With just an hour to spare (and a possible trip to the hardware store), here are five important things even confirmed procrastinators can do to safeguard their homes and cars from damage during extreme cold.
1. Protect your outdoor faucets. Start by disconnecting the hose and shut off the water at the valve in your garage or basement, if possible (if there's no valve, skip to the foam protectors). Turn on the faucet to drain the last of any water left in the pipe. That eliminates the chance that trapped water could freeze, expand and burst the pipe. Then, cover your faucets with foam protectors from the hardware store. Even wrapping your faucet with a dry rag or hand towel will help.
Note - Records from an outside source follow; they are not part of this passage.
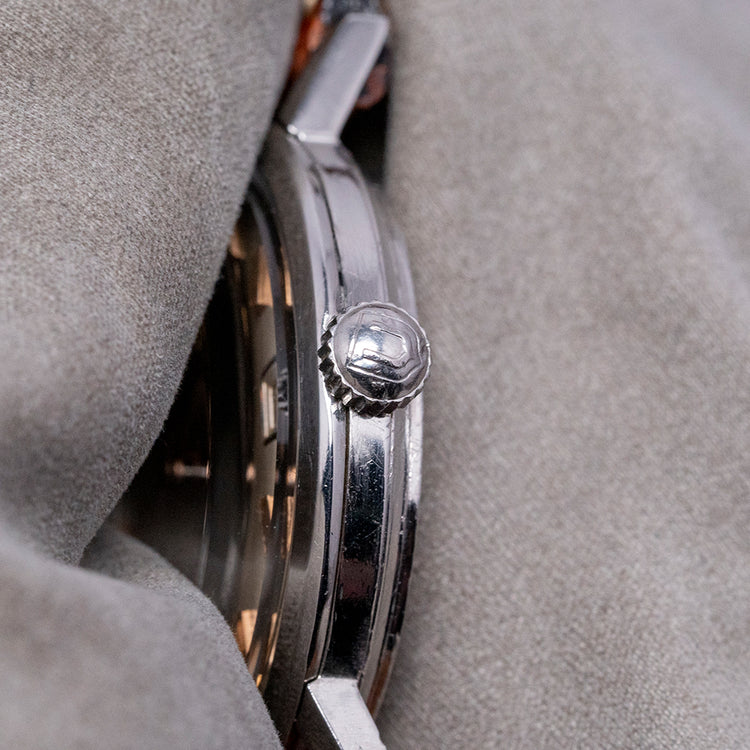 1960s Universal Polerouter Genève Automatic Date 34mm 104604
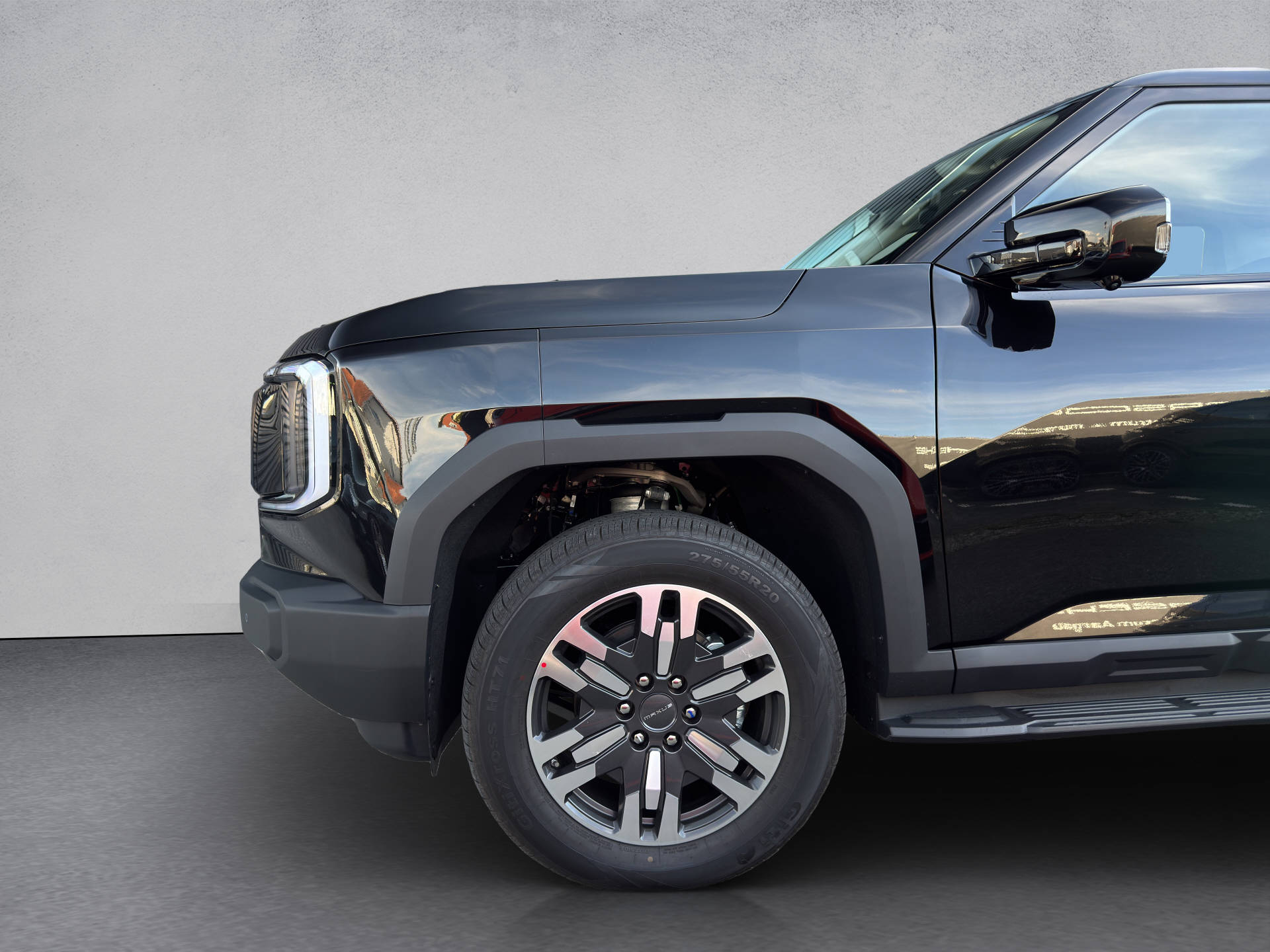 MAXUS eTerron 9 E-Motor 102kWh Luxury-image-2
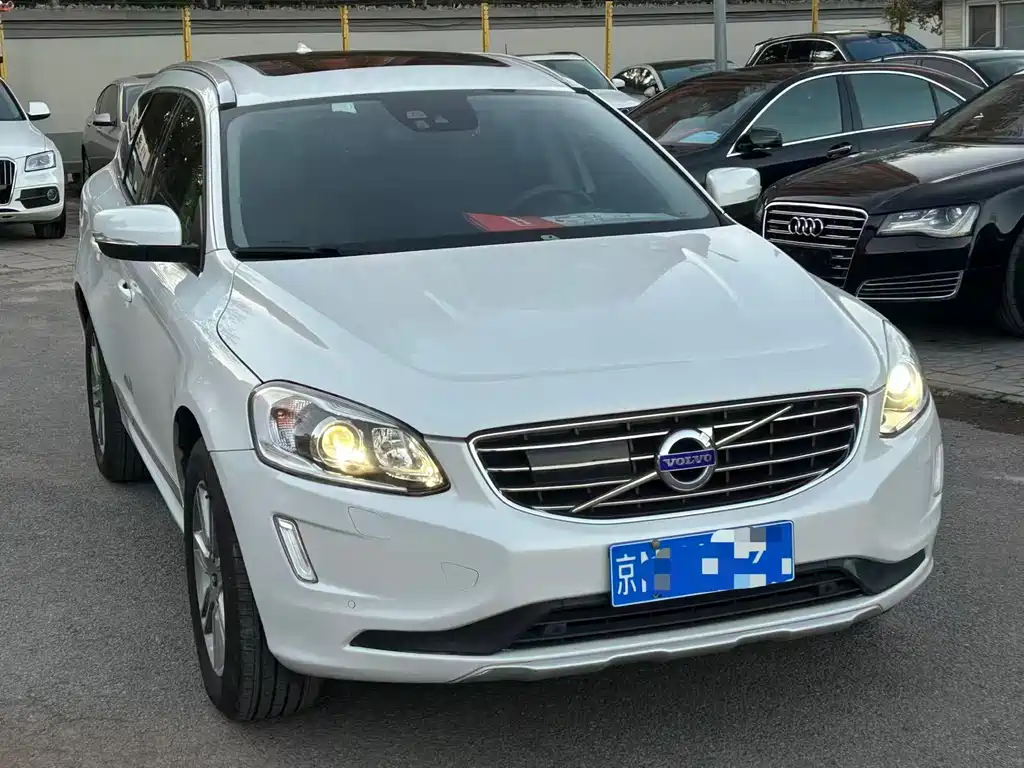 Volvo XC60 2016 — фото 2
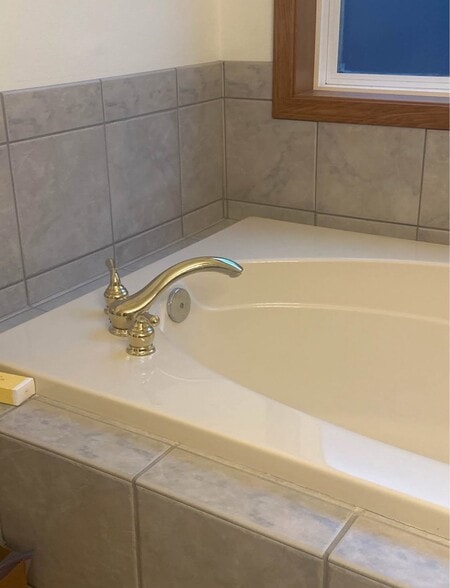 Building Photo - 1545 Capri Ct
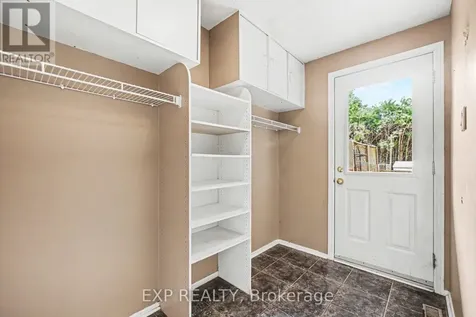 82 Sherway Drive Ottawa ON K2J 1N8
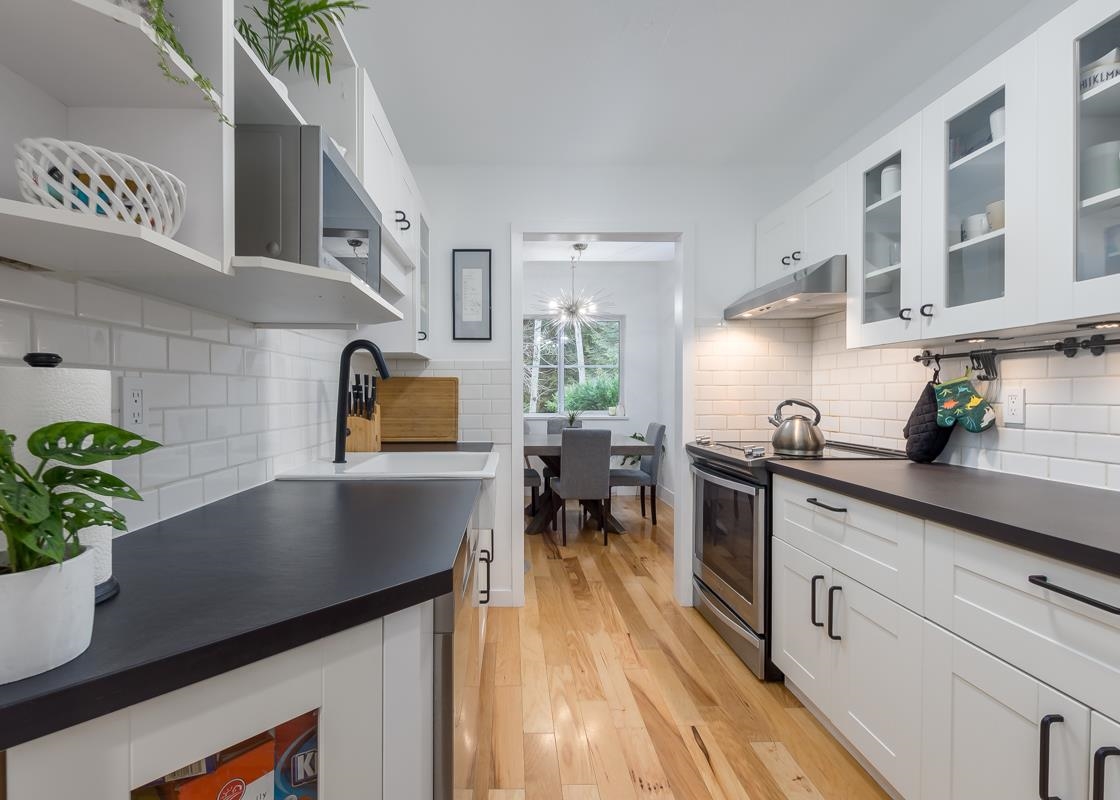 Family Room Photo of 2 38247 Westway Avenue, Squamish, BC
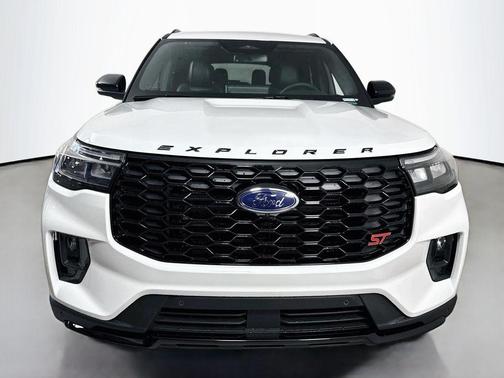 Star White 2026 Ford Explorer ST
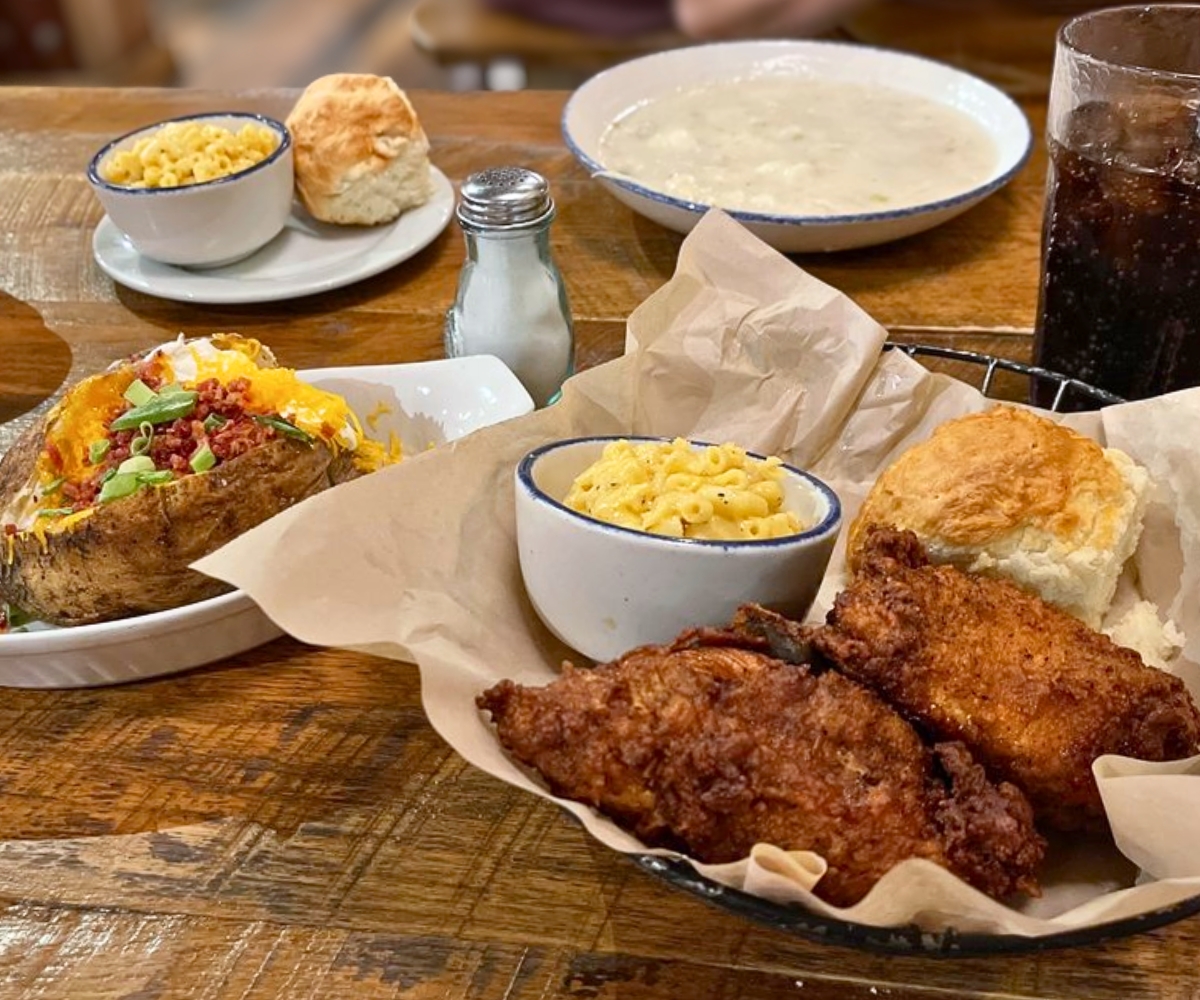 fried chicken at Five Oaks Farm Kitchen in Sevierville, Tennessee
2. Open cabinet doors under sinks located near outside walls. Outside walls are the coldest part of your house, and leaving under-sink doors open will allow warm air from inside the house to circulate, keeping pipes from freezing. Set the heat no lower than 55 degrees, even if you won't be home. Leave a slow trickle of cold water running overnight, too.
3. Clear steps and porches of snow and ice. At the hardware store, pick up de-icing granules that won't discolor cement and sprinkle them according to package directions. You could save yourself or a neighbor from a nasty fall.
4. Test your car's coolant if you think it's mostly water. If you've been topping off your car's coolant reservoir with water instead of antifreeze, it may be too diluted to protect your engine when the mercury plummets. Pick up an easy-to-use antifreeze tester to learn the temperature at which your protection ends.
5. Pull your car into the garage, if that's an option. You'll save yourself from scraping windows in the morning. Plus, your warmer garage can help preserve your vehicle's battery, which could be sapped by frigid temperatures in your driveway.